Per la rubrica "Ti ricordi di...?" questa settimana pubblichiamo una vecchia fotografia del Santuario di Nostra Signora della Vittoria, che si trova nel comune di Mignanego.
Il santuario sorge sul passo del Pertuso, in posizione dominante sulla Val Polcevera, ad un'altitudine di 650 m, nei pressi del luogo dove il 10 maggio 1625 pochi soldati della Repubblica di Genova, affiancati da volontari della Valpolcevera, guidati dal parroco di Montanesi, sconfissero un forte esercito franco-savoiardo comandato dal Duca Carlo Emanuele I di Savoia e composto, si dice, da oltre 8.000 uomini. A causa di questa sconfitta, il Duca dovette rinunciare alle sue mire sulla città di Genova.
Sul luogo della battaglia (passo del Pertuso), in segno di ringraziamento per l'intercessione della Madonna, fu eretto questo santuario, e la città di Genova fu consacrata alla "Madonna Regina della Vittoria".
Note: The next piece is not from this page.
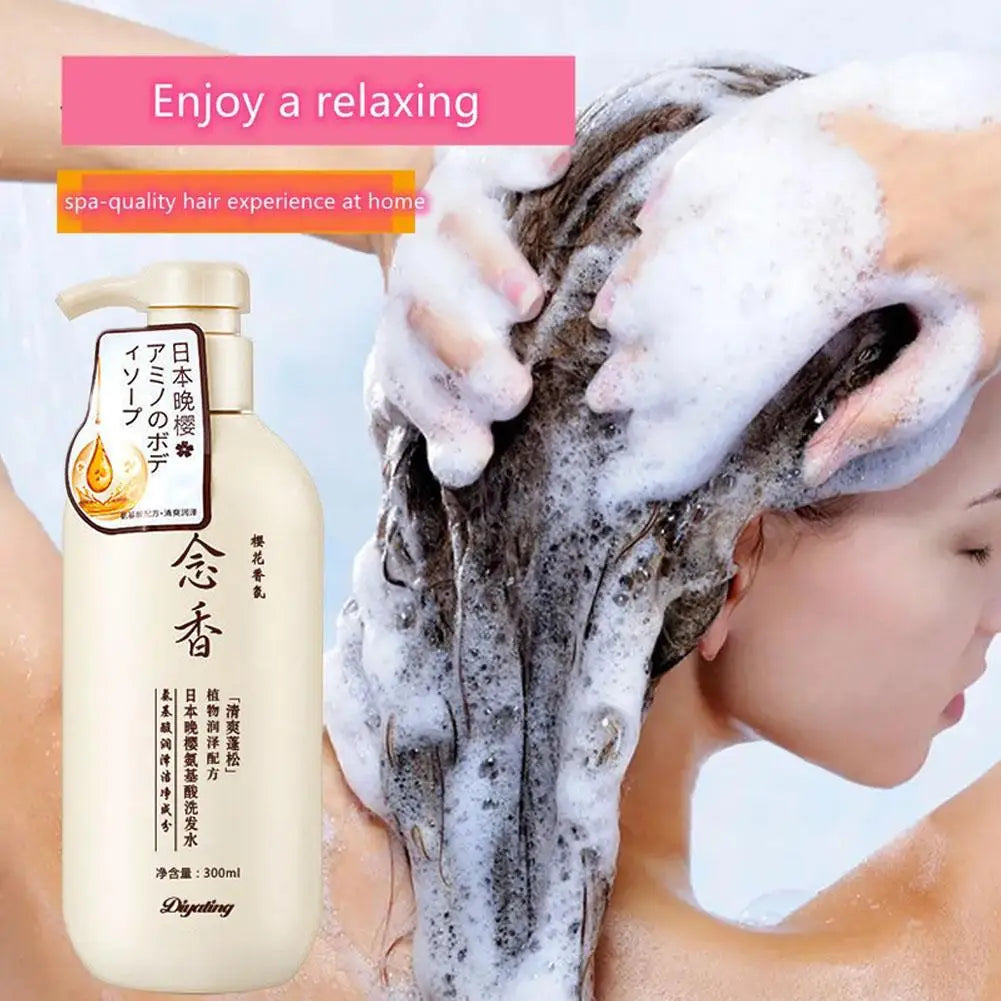 Fragrant Japanese Amino Acid Shampoo Hair Conditioner Body Was Hair Shampoo Bath Lotion Shampoo Skin Care Hair care product Quake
Dal piazzale si ha un'ampia vista sulla Valpolcevera, dal passo dei Giovi fino al mare. Il santuario è oggi raggiungibile dalla strada provinciale 35 dei Giovi, seguendo una deviazione proprio al culmine del passo, ma sono ancora percorribili le antiche strade, quella che sale dal paese di Montanesi e quella del passo del Pertuso, valico tra la Valpolcevera e la Valle Scrivia (oggi strada provinciale 47 del Santuario della Vittoria).
Attraverso il passo del Pertuso passava una delle antiche vie di comunicazione tra Genova e la Pianura Padana. Questa via, che scendeva in Valle Scrivia a Vallecalda (frazione di Savignone), in epoca medioevale superò per importanza la via Postumia, e dal XIII secolo ai primi decenni dell'Ottocento divenne la principale via di comunicazione tra Genova e la Pianura Padana. Per questa via transitarono nel 722 le ceneri di Sant'Agostino, che il re longobardo Liutprando fece trasportare, transitando per il porto di Genova, dall'Africa a Pavia
Durante la guerra di successione austriaca, tra il 1746 e il 1747 tutta la Valpolcevera subì l'occupazione delle truppe austriache che assediavano Genova, seminando morte e distruzione.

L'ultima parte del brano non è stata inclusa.